By Esca Bacordo
When beauty and fashion personalities Ricky Reyes and Renee Salud recently voiced their strong opposition to both same-sex marriage and the SOGIE Equality Bill in a recent Toni Talks video, they did more than just share their personal take—they undermined decades of struggle led by people whose existence is still questioned, criminalized, and erased.
What makes their remarks especially harmful is not just the content, but the context: Reyes and Salud are no stranger to the LGBTQIA+ community. They are not cisgender heterosexual bystanders observing from afar. They are people of diverse SOGIESC who have benefited from the same visibility and spaces that queer activism carved out through protest, policy advocacy, and—in too many cases—bloodshed. That they now choose to speak from a place of comfort and exemption is not just tone-deaf. It’s an unbearable betrayal.
They were able to open doors, enjoy the privilege and pride that came with being embraced by queer culture and community, but then proceeded to close those doors for those who want to exist freely like them. As if to say, “We’ve made it—now stop asking for more.”

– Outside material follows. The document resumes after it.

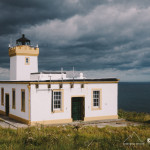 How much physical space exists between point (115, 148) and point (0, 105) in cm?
1903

Let’s be clear: the LGBTQIA+ struggle in the Philippines is far from symbolic. We are still living in a country where young queer people are disowned, abused, or driven to silence. Where LGBTQIA+ workers are denied opportunities. Where transgender women are misgendered or worse, murdered, without national protection. The SOGIE Equality Bill is not an accessory—it is urgently necessary. And yet Reyes boasts that he “stopped” it.
That’s not just disappointing. That’s sabotage.
It is easy to say “we just want tolerance, not acceptance” when you have enough **money, legacy, and security to insulate yourself from everyday homophobia. It’s easy to dismiss same-sex marriage when you live without the fear of being evicted from a hospital room where your life partner lies unconscious. It’s convenient to preach “not all gays are entitled” when you’ve long been given a platform while others fight to simply be seen as human.
There’s a term for what we witnessed from Reyes and Salud: “respectability politics.” The belief that if you fit the mold, if you remain complacent—you’ll be allowed to exist. But the queer rights movement was never built on behaving. It was built on resistance. On refusing to conform. And on calling out betrayal—even when it comes from our own.
To those who say “everyone is entitled to an opinion”—yes. But not all opinions are harmless. And when those opinions serve the status quo and harm the marginalized, they should be challenged head-on.
Reyes and Salud are not the first to speak from privilege, and they won’t be the last. But queer people, especially the young, the ones who are afraid to come out, the trans, the poor, deserve better than leaders who ask us to wait, to settle, or to “tone it down.” They deserve a future where legal equality is not debatable, and where survival is not a privilege granted to the palatable few.
Until then, we’ll keep fighting. And to those sitting comfortably behind your gated privilege: maybe it’s time you touch grass and remember who made your comfort possible.